One of my favorite things about Isabella Beeton’s 1861 cookbook, The Book of Household Management, is that she lists practical information about the cost, time to make, serving size, and season for each recipe. Knowing the season was especially important; although some fruits and vegetables could be grown in greenhouses all year, others were only available for short windows of time. Even today, that’s still the case with rhubarb, which in my area at least only appears for a few brief weeks in late spring. To make this recipe, I started haunting my grocery stores and local farmers’ markets at the start of April, checking constantly for the first sign of rhubarb’s bright red stalks. Somehow, the excitement of finally finding it after weeks of waiting feels much more gratifying than if I had been able to get it all year round.
- 4 or 5 sticks of rhubarb
- 4 oz brown sugar
- 12 oz flour
- 4.5 oz suet
- about 3/4 cup cold water
- Wash and wipe down 4 or 5 rhubarb stalks. If they are old or seem tough, peel off the outer layer of skin. Cut the rhubarb into 1 inch pieces and mix in a bowl with the sugar.
- To make the suet crust, rub the suet into the flour. Gradually add the cold water a little at a time, using just enough to form a dough.
- Take out 1/4 of the pastry to form the lid. Roll out the lid to fit a 1 1/2 pint pudding basin. Roll out the rest of the pastry slightly larger than the basin, so that it overhangs the edge by about 1 inch.
- Thoroughly butter the pudding basin and line it with the pastry.
- Put the mixed rhubarb and sugar into the pudding basin and cover with the pastry lid. Fold the edges of the pastry over the lid and seal with a little cold water.
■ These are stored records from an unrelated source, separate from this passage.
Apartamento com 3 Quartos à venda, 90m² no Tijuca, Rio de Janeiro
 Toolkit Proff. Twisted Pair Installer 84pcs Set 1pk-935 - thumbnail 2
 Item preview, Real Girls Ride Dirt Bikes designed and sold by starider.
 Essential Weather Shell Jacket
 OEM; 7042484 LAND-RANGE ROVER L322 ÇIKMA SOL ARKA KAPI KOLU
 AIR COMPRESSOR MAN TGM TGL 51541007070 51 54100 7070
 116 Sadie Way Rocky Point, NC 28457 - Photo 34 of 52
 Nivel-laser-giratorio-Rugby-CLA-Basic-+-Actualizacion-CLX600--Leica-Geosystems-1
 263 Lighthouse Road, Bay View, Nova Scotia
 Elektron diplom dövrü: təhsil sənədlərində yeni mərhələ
- Cut a piece of parchment paper to fit the top of the basin, butter it on both sides, and place it on top. Cover it with either a pudding cloth or with foil, making a pleat across the middle to give the pudding room to rise. Tie it tightly around the rim of the basin with string.
- Place a small plate upside-down on the bottom of a large pot of boiling water. Gently lower the pudding in so that it rests on the plate. The water should come about halfway up the basin.
- Boil for 2 1/2 hours, topping up the water level as necessary.
- When finished, let rest in the mold for 5 minutes, then turn out onto a plate.
- Mrs. Beeton suggests serving this with cream and sugar, but since I didn’t have any cream I made the following pudding sauce, also from her book:
- 1 pint milk
- 2 eggs
- 3 oz sugar
- 1 tbsp brandy
- Heat the milk in a saucepan just until it scalds.
- Pour the milk very slowly over the eggs in a separate bowl, whisking constantly to temper them.
- Stir in the sugar.
- Put the mixture in a double boiler or in a bowl over a saucepan with boiling water.
- Cook over low heat, stirring constantly, until the mixture starts to thicken.
- Take off the heat and mix in the brandy (or leave plain if desired).
- Put in the refrigerator to cool until the pudding is ready.
This pudding isn’t quite as pretty as I’d hoped for; the rhubarb pieces lost their beautiful pink color while cooking and everything turned the same shade of beige. It was also a bit messy to cut and serve. The taste, however, is perfect. I absolutely love rhubarb, so a pudding that’s just rhubarb and sugar with no other flavorings hits the spot for me. The suet pastry was good too, but it’s really just there to hold in the rhubarb. I served my pudding with a custard sauce, which was delicious, but it would also be good with cream and sugar as Mrs. Beeton suggests, or with a scoop of vanilla ice cream. This is a perfect spring pudding.